Each line in the entries that has the word "Gold" has to be copied.

▸ STUDY MATERIAL:
[Start of section]
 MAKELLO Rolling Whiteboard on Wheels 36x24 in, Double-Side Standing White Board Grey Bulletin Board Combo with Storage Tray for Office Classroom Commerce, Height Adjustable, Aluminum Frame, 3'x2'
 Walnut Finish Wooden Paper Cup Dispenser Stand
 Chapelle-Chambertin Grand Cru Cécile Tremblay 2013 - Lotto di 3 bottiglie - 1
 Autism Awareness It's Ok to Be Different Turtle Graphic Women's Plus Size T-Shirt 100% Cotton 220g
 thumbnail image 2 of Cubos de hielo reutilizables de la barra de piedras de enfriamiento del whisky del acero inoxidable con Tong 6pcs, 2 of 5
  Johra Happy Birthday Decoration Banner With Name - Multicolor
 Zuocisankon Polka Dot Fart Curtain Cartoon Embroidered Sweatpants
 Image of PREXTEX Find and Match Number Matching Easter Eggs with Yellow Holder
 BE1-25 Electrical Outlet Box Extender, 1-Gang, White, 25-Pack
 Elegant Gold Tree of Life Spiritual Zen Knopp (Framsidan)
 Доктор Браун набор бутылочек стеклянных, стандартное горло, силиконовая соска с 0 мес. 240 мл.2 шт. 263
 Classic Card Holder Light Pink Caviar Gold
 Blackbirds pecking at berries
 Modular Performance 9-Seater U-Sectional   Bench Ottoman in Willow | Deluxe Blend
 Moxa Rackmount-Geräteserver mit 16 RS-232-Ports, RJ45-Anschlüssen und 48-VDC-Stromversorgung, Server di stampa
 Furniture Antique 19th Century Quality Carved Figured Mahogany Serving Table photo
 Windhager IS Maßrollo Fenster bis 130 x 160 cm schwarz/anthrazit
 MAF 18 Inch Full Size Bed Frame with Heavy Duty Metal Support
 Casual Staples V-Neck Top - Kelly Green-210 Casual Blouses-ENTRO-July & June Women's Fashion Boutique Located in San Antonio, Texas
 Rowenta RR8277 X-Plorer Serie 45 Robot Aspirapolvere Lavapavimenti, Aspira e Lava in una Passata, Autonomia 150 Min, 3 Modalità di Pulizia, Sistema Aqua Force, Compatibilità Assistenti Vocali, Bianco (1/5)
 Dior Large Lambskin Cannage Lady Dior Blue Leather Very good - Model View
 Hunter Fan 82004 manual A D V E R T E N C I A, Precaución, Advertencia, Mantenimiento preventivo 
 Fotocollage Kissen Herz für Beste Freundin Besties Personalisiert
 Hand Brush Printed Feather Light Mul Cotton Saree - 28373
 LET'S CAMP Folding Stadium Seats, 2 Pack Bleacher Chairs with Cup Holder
[End of section]
▸ ANSWER AREA:
 Elegant Gold Tree of Life Spiritual Zen Knopp (Framsidan)
 Classic Card Holder Light Pink Caviar Gold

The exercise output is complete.